Retail's future may be found in museums: Clear boss

Retail's future may be found in museums: Clear boss

Retail shops fail when they focus on only one of the three sales drivers of product, service and price, James Osmond, global CEO and a founder of Clear told a gathering of marketing professionals in Sydney this week.

The UK-based head of the global marketing strategy business said that Australia could learn lessons from the UK, which he quipped Napoleon Bonaparte had described as a nation of shopkeepers.

He said that while there were always exceptions to general rules, such as Aldi, “you can’t win on price alone anymore”. Nor could you simply rely on a product’s unique qualities or the customer service you provided.

He pointed to the recent example in the UK where Burberry has turned one of its flag ship stores into an omni-channel experience including such things as a “digitally enabled cultural space” and interactive mirrors.

http://www.youtube.com/watch?v=CokbQWI_15U

Closer to home, General Pants last week unveiled its iPad kiosks to provide an in-store digital experience.

Depending on the type of product controlled the level of exposure to online erosion of sales, said Osmond. Obvious categories such as music, video, books and electrical were highly volatile, while more experience-based retail categories such as restaurants and clothing were less exposed.

They key to experience remaining high for some products was that ‘social’ was still best experienced in person. In other words shopping with friends was always going to be a superior experience for some people rather than shopping online, said Osmond.

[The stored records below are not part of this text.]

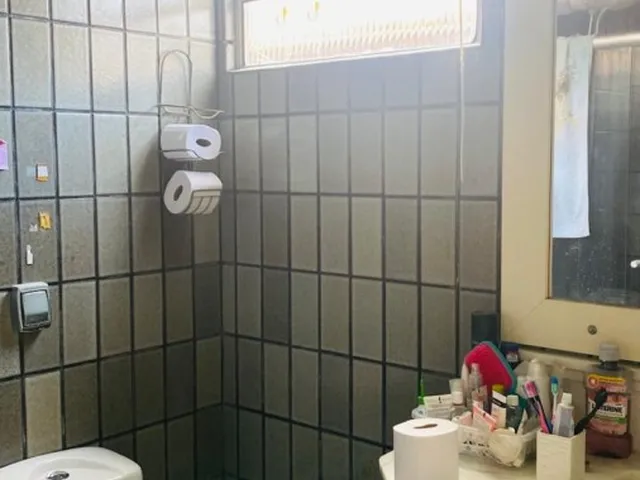 Imagem 11: Casa a venda em Piatã com 5 quartos, 262m² de terreno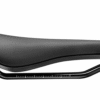 Sadul GIANT APPROACH SL SADDLE - Image 2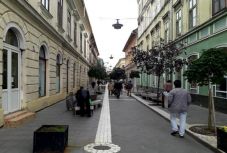 Módosított a korlátozásokon az Arad megyei vészhelyzeti bizottság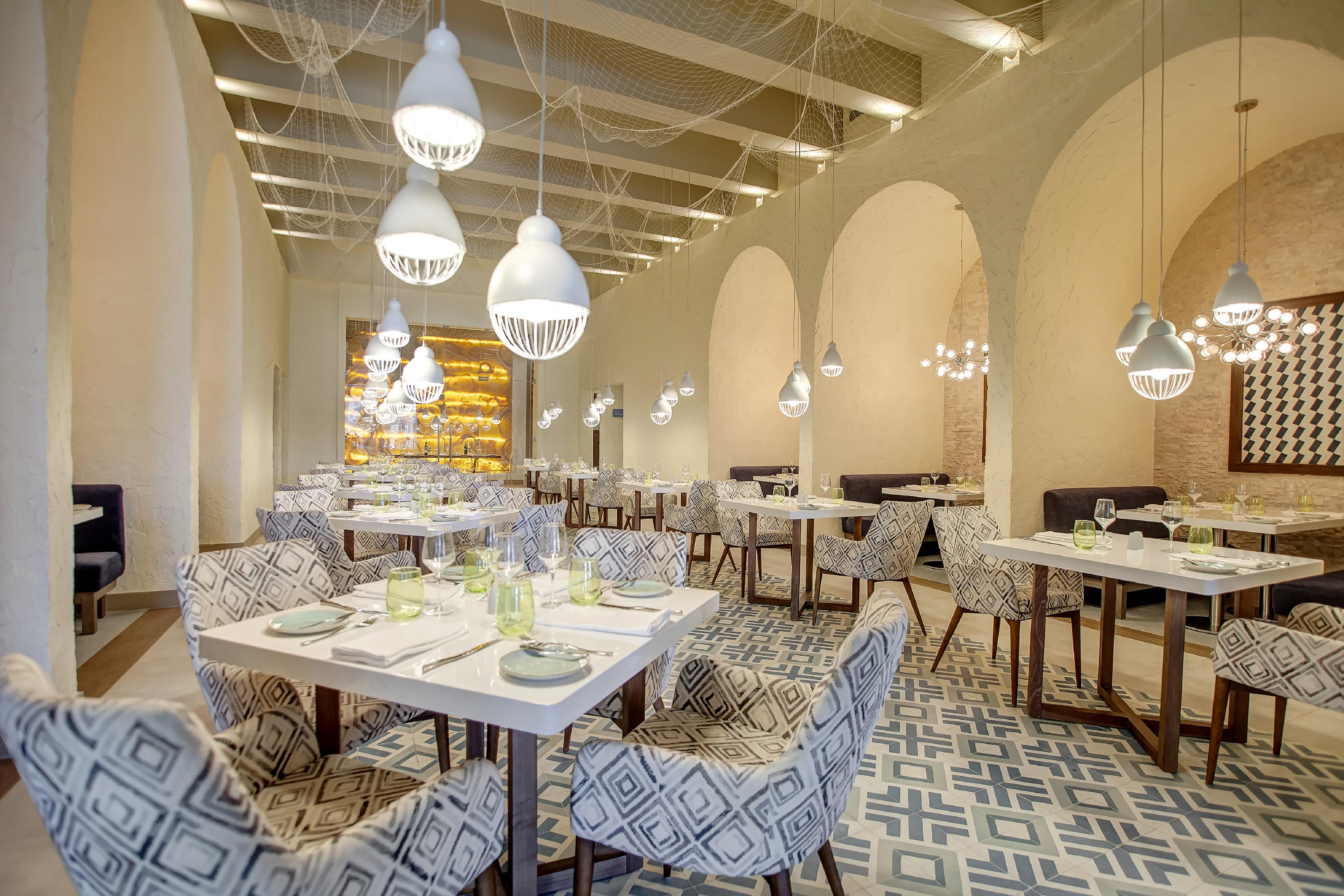 Grand Lido Negril Au-Naturel, An Autograph Collection All-Inclusive Resort - Adults Only Екстер'єр фото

However at the volatile end, some shops were fighting back, like bookstores, which were now curating products by reader demographic as opposed to genre, in effect copying the Amazon model of “readers also bought”.

Eventually, more and more stores would need to become like museums and art galleries, focusing on their ability to curate products that would draw in shoppers for an experience rather than just compete on service and price.